Thursday, September 2, 2010

Warmth of the Soul


Rushing up the stairs like a maniac, I jumped over two girls sitting on the floor talking and breezed by the guy intently scribbling in a notebook. Realizing there are no existing stairs to the fifth floor on building three, I jabbed my foot into the elevator to prevent it from closing on me.

“Going up?” I asked the guy in green, out of breath.

“Uh… yeah?” he looked at me uncertainly.

I smiled and pressed the “5” button that lit up in a tiny red spot and made my way to the middle of the rusty old thing. Trying to control my breathing after olympically making it to where I was now was a feat I never thought I could accomplish. I mean, how weird is it when you’re in an elevator and someone sounds like they just engaged in a boxing match with all that panting and heavy intakes of breath?

So I smile again and say goodbye to the young man in the green shirt and walk into the Law Center and Social Studies Department trying to keep my cool. I go up to the lady in the front desk studying some sort of law (or business? or something?) and ask to see Professor Vazquez.

After ten minutes of small talk and slyly glancing at my watch, I nod politely at him and back away slowly into the doorway as I make a final statement of "... no, yeah, I know... everything takes sacrifice, that's why I'm here..." He laughs and waves at me, shaking his head and moving toward his computer. I think that's my cue indicating freedom. I check my watch one more time and make sure I have the next 30 minutes open to go to the library.

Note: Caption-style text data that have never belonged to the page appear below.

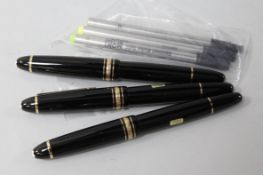 A Montblanc fountain pen, ballpoint, eraser set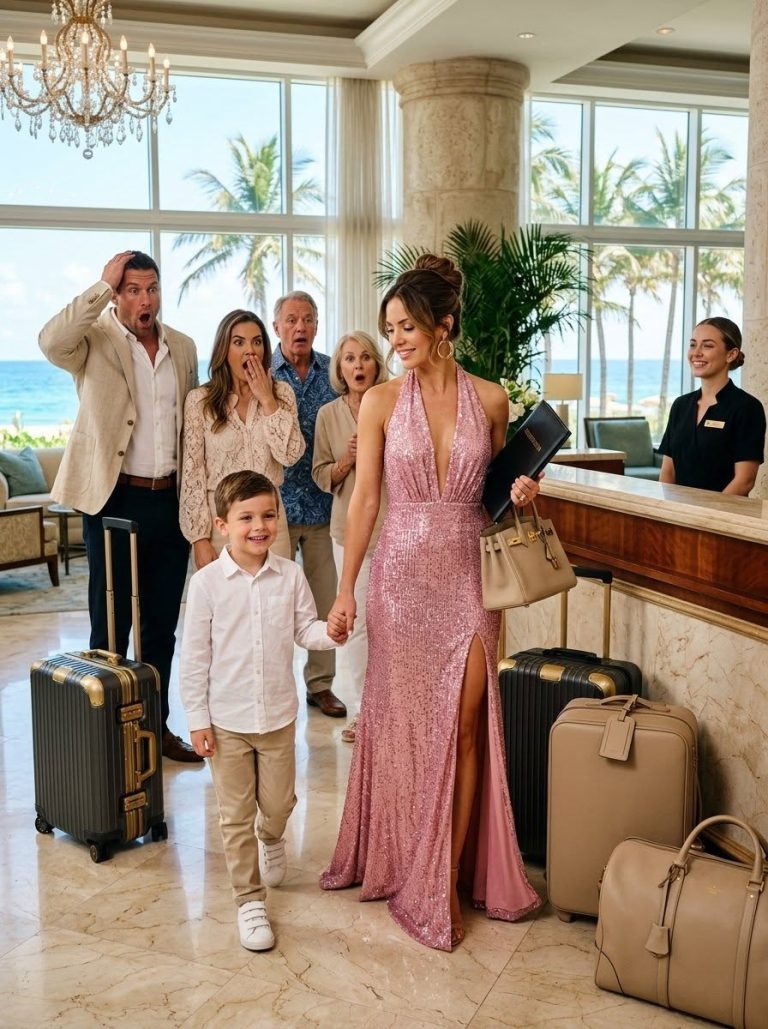 I paid for the entire family to stay at a luxury resort, but my husband and his relatives laughed as they deliberately left me and my son sitting alone in the lobby. Hours passed, and when my hungry little boy and I could barely stand the hunger, we overheard them whispering about a sh0cking plan they thought we would never discover…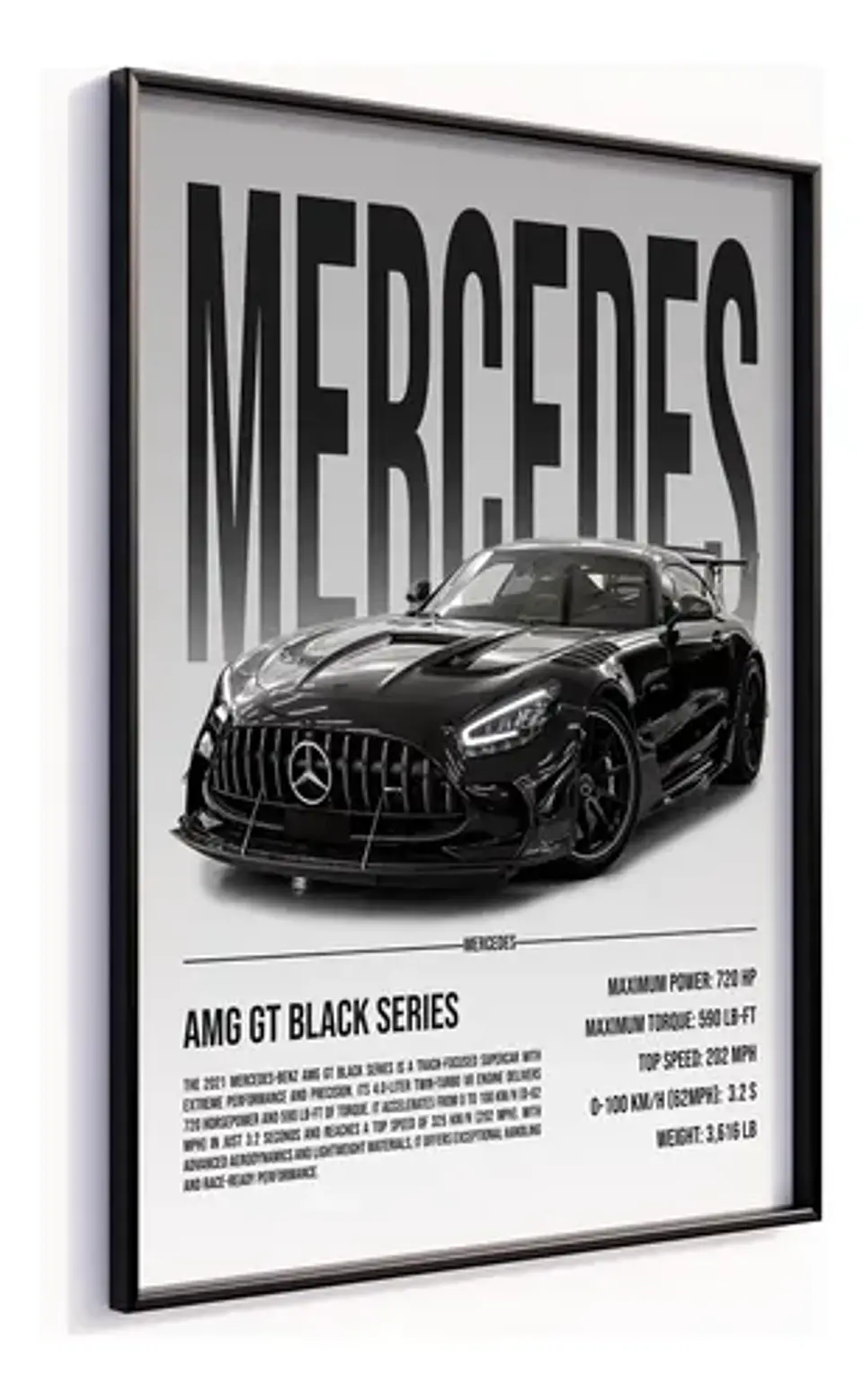 Cuadro Mercedes Amg Gt Black Series Deportivo + Marco 1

Pressing the greasy button that indicates my mode of transportation going downward, I wait impatiently for the ding to enlighten me and the doors to open. As the "down" arrow shines in a dirty orange of arrival, I breathe a sigh of relief and adjust my sunglasses on top of my head. Walking forward to the last elevator that dinged, I watched as an older man in a wheelchair rolled out with a younger man. I smiled at the eldest of the two, and said "Good Morning", looking up to address the other.

"Wow, you're gorgeous."

I looked at the man in the wheelchair and blushed-actually blushed-and replied with a quiet, "Thank You."

I looked after him and smiled as he entered the Social Studies Department.

The doors closed on him and I kept smiling. I didn't know why, but when I got off at the fourth floor, my step became slower and it seemed as if I was lounging down the stairs and accross the street to the library. I smiled at the people walking in the opposite direction as I, said Hello to familiar faces and giggled at the jokes the librarian made when I slid my card in the wrong direction.
 
What did that older man say?
 
Did he say I was gorgeous?
 
I've heard that many times before, but it was an empty, dead word. It was flung around in the filth of flattery and devalued because of the mouth that uttered the syllables. But from this stranger, it meant everything.
 
This man called me gorgeous, and what made me feel the word was that he wasn't referring to my face. I felt there was a deeper sense of seeing in his words. He seemed to look beyond the big brown eyes and the distorted teeth and the tired, out-of-breath smile. He somehow knew that what was deep inside me was beautiful. He knew my heart was the reflection of a gorgeous he once knew or a gorgeous he wanted to know.
 
On any other day, it wouldn't have mattered. From any other person, it wouldn't have made a difference.
 
But today... today was a different day.
 
Sir, you might not have realized it, but you made my day.